** Provided records follows **
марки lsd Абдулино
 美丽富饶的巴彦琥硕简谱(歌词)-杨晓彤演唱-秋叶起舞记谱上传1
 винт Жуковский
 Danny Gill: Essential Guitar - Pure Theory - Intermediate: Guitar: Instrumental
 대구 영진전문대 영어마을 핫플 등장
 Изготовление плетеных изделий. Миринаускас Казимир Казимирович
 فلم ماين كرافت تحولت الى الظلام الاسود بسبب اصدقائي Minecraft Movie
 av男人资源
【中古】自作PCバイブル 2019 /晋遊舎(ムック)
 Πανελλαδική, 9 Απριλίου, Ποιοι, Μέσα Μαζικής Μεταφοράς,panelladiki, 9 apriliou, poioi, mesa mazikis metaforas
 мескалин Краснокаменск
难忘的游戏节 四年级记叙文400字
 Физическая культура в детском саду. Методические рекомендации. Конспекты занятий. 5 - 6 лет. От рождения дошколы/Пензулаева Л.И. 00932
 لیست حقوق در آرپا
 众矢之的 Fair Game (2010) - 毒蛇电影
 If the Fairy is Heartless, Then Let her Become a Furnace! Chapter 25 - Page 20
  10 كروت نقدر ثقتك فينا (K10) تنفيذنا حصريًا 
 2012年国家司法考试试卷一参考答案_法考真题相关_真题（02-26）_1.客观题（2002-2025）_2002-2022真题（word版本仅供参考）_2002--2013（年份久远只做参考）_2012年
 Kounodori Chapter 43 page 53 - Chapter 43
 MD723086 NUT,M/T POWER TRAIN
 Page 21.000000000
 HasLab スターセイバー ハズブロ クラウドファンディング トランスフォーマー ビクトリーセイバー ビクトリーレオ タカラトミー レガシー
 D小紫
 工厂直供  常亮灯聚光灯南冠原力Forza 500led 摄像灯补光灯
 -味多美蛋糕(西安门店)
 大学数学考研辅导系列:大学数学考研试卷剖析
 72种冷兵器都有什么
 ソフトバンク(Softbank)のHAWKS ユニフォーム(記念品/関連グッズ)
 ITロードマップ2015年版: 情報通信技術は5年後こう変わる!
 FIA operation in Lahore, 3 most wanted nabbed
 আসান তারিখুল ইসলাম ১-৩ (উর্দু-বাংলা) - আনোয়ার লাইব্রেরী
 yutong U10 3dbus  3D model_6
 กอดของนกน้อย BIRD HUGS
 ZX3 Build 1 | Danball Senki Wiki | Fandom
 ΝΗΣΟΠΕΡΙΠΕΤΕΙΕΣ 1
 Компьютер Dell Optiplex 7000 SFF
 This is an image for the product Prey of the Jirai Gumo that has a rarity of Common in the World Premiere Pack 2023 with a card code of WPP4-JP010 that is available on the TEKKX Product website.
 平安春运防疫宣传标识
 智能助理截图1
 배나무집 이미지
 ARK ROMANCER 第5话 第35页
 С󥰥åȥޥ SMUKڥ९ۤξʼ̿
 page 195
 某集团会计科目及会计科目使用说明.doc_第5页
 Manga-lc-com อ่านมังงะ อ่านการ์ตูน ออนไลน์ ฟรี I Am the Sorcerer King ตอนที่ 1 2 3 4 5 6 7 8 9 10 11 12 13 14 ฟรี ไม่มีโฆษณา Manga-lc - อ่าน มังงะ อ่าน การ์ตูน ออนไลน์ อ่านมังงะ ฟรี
** End of Provided records **
If a line above holds the string "Chapter", copy it out.

- _Result of this task_
 If the Fairy is Heartless, Then Let her Become a Furnace! Chapter 25 - Page 20
 Kounodori Chapter 43 page 53 - Chapter 43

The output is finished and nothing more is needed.